*EXERCISE DETAILS:* Return the records below exactly; pictures stay out.

::::::

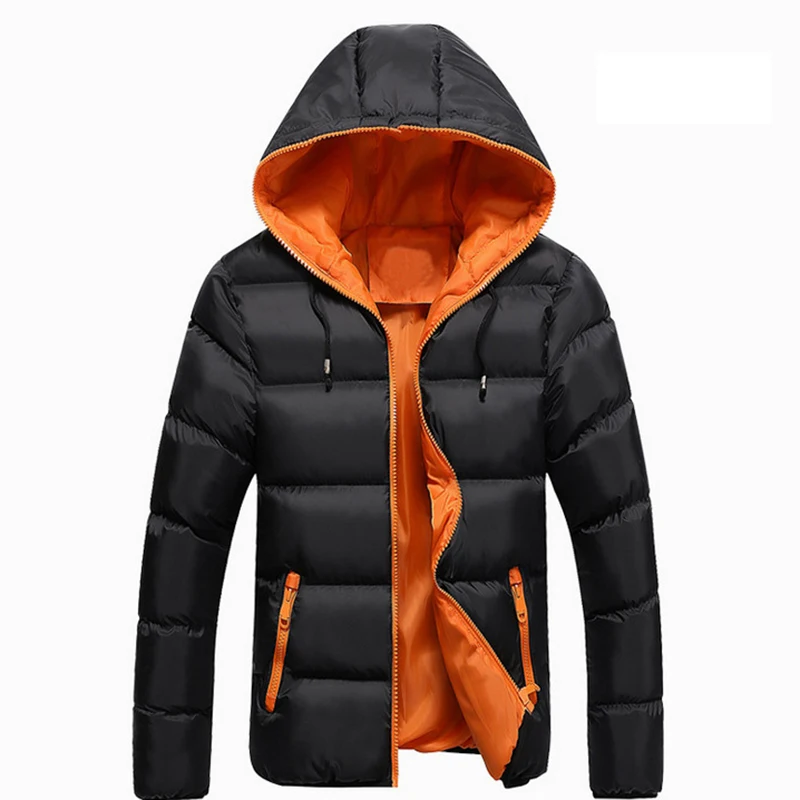 Зимнее теплое пальто с капюшоном темно-синего цвета, Мужская мягкая пуховая куртка с длинным рукавом, уличная утолщенная мужская зимняя куртка, большой размер 3XL 4XL
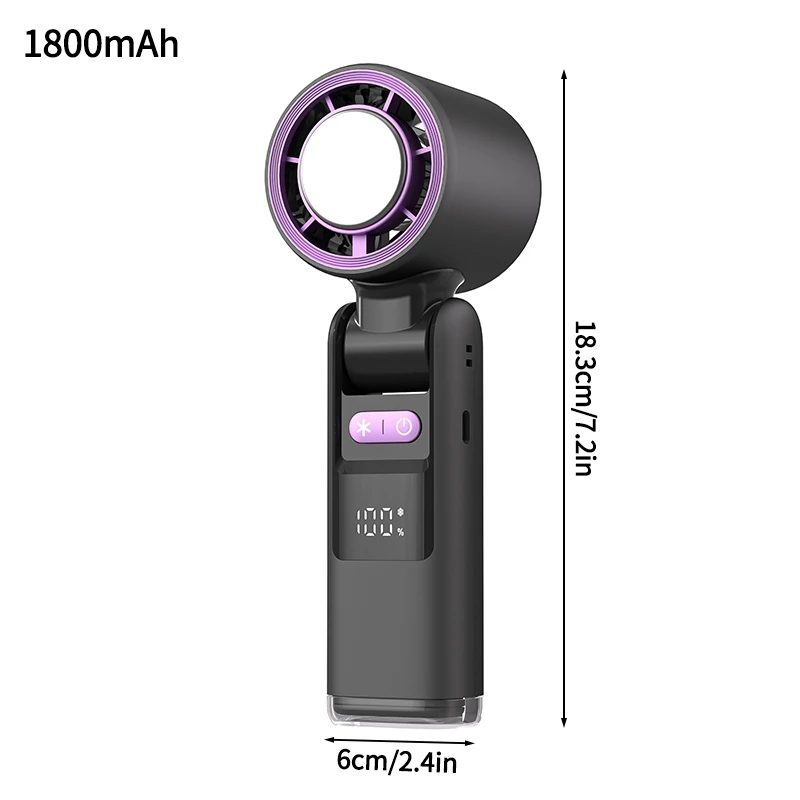 Ventilador De Mano Plegable (1800 Ah, Negro) Mini Ventilador Eléctrico Con Función De Refrigeración Ventilador De Mano Recargable Por Usb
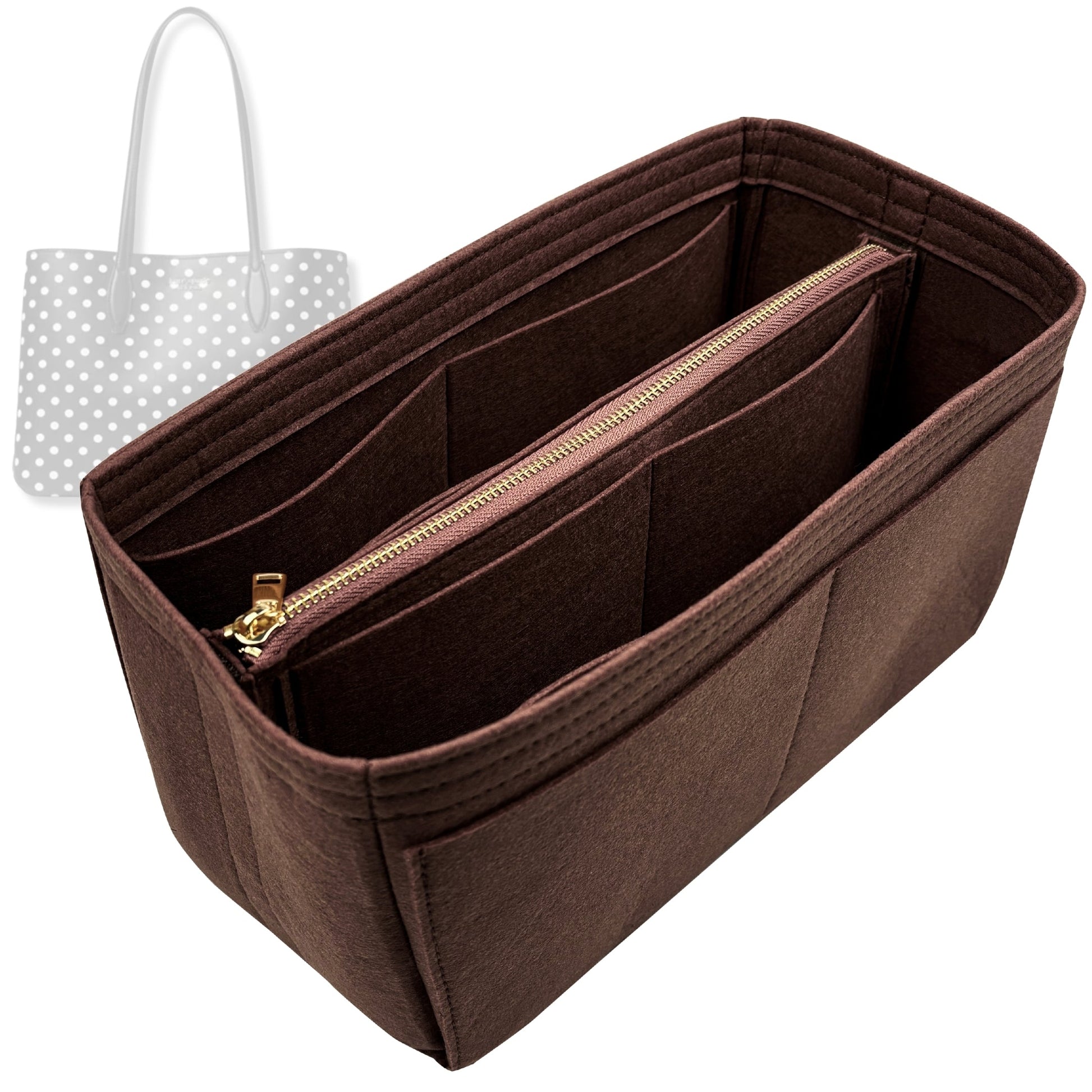 Bag Insert for (Kate Spade, All Day Domino Dot Large Tote) Organizer Tote Purse Organiser Liner Shaper [Premium Felt Material]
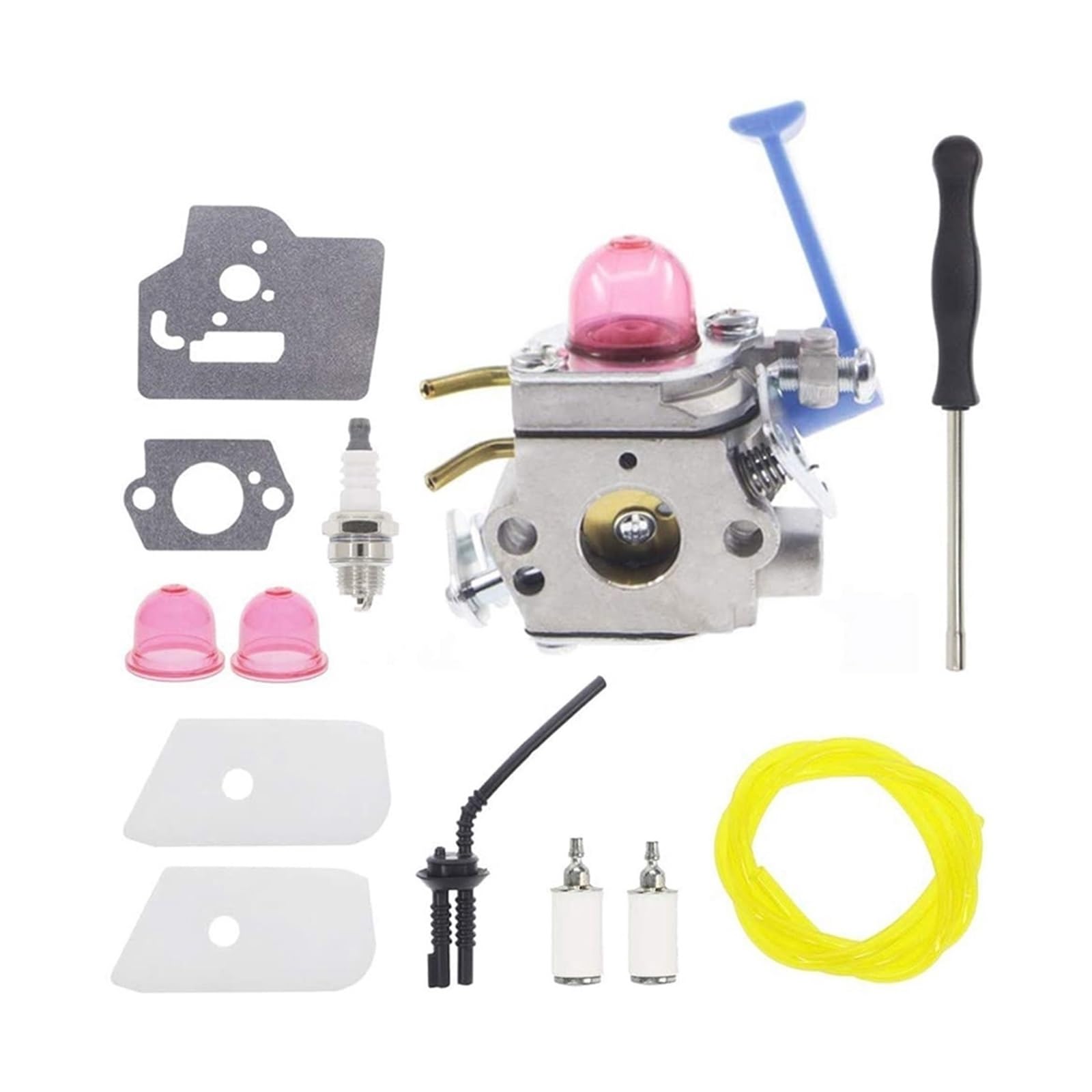 Carburador Kit para carburador desbrozadora para Husqvarna 124L 128R 128DJX para Craftsman C1Q-W40A con Kit de Puesta a para Punto de la línea de Combustible 545081897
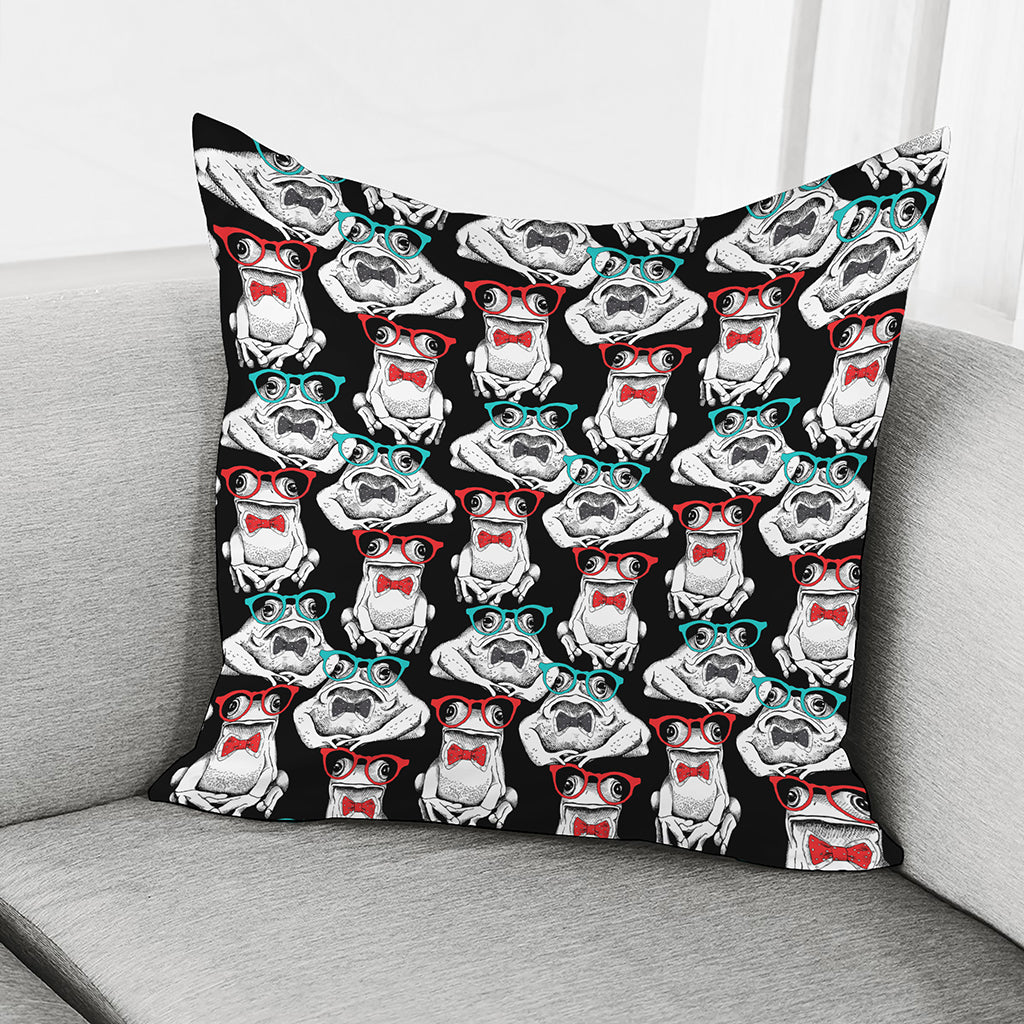 Hipster Frog Pattern Print Pillow Cover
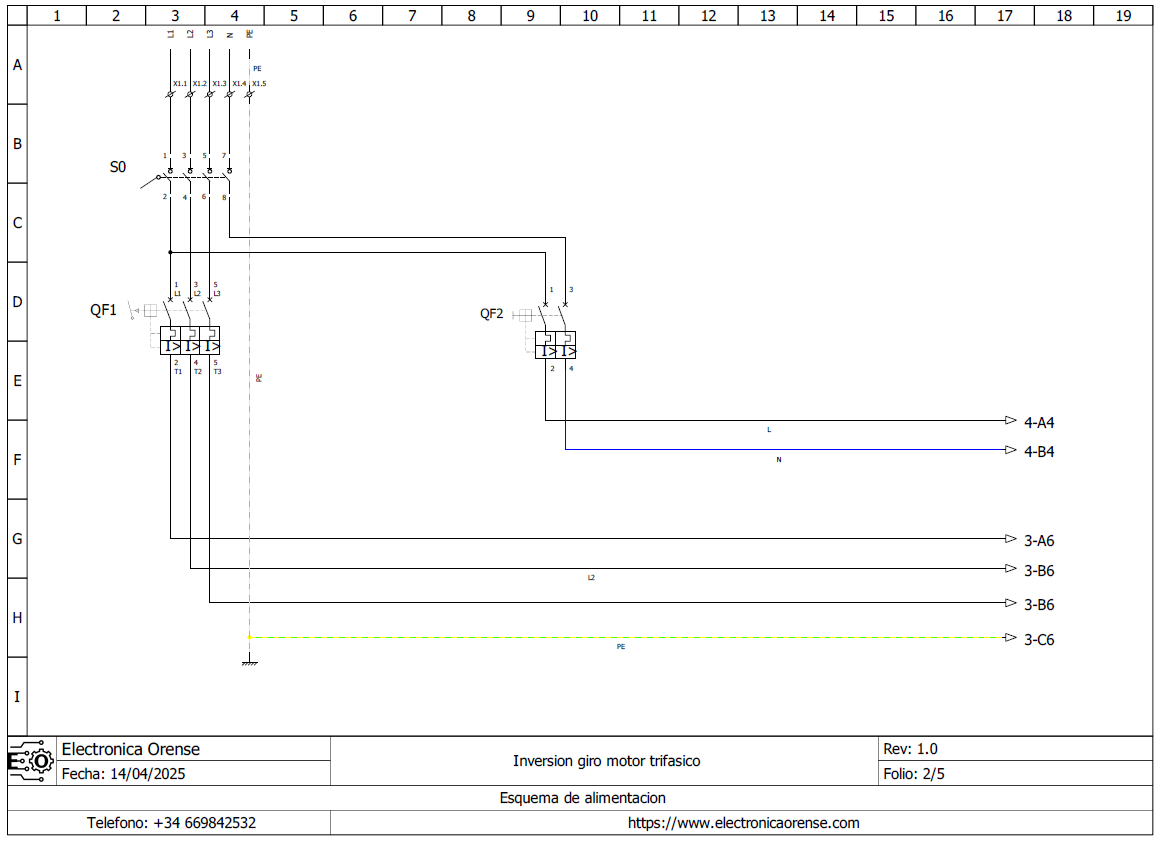 Esquema electrico inversion de giro motor trifasico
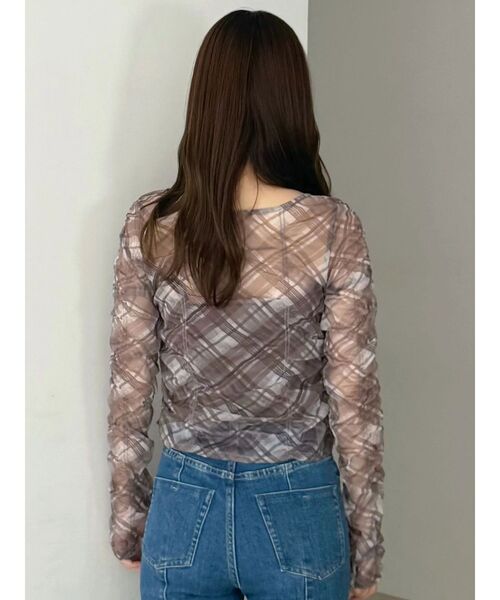 MERCURYDUO（マーキュリーデュオ）の「チュールシャーリングトップス（Tシャツ/カットソー・レディース・ブラウン/その他1・FREE）」の6枚目の写真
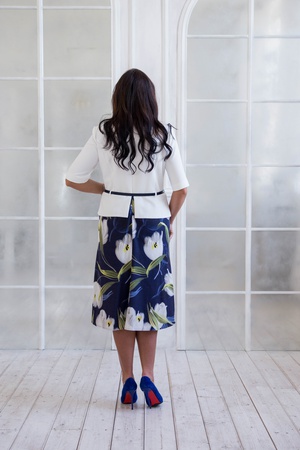 Платье 3166/белый, розовый.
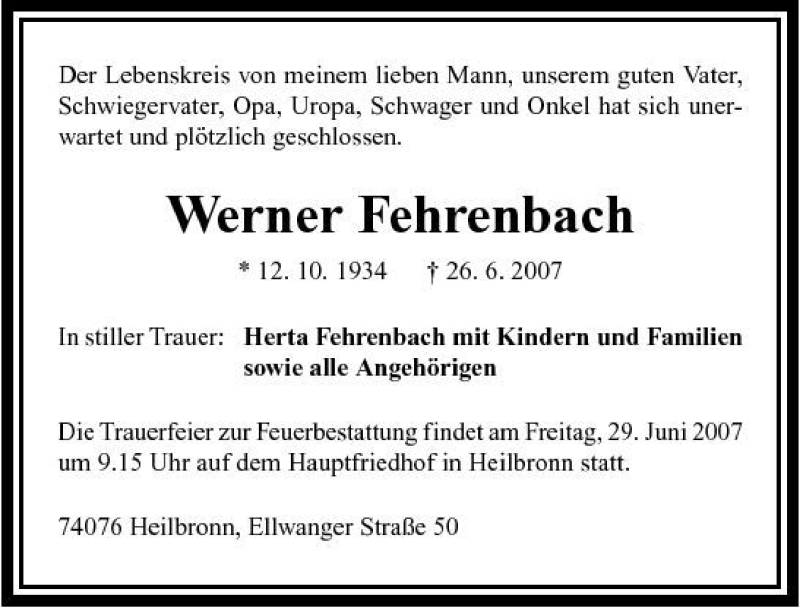  Traueranzeige für Werner Fehrenbach vom 27.06.2007 aus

::::::

*RESPONSE AREA:*
 Зимнее теплое пальто с капюшоном темно-синего цвета, Мужская мягкая пуховая куртка с длинным рукавом, уличная утолщенная мужская зимняя куртка, большой размер 3XL 4XL
 Ventilador De Mano Plegable (1800 Ah, Negro) Mini Ventilador Eléctrico Con Función De Refrigeración Ventilador De Mano Recargable Por Usb
 Bag Insert for (Kate Spade, All Day Domino Dot Large Tote) Organizer Tote Purse Organiser Liner Shaper [Premium Felt Material]
 Carburador Kit para carburador desbrozadora para Husqvarna 124L 128R 128DJX para Craftsman C1Q-W40A con Kit de Puesta a para Punto de la línea de Combustible 545081897
 Hipster Frog Pattern Print Pillow Cover
 Esquema electrico inversion de giro motor trifasico
 MERCURYDUO（マーキュリーデュオ）の「チュールシャーリングトップス（Tシャツ/カットソー・レディース・ブラウン/その他1・FREE）」の6枚目の写真
 Платье 3166/белый, розовый.
  Traueranzeige für Werner Fehrenbach vom 27.06.2007 aus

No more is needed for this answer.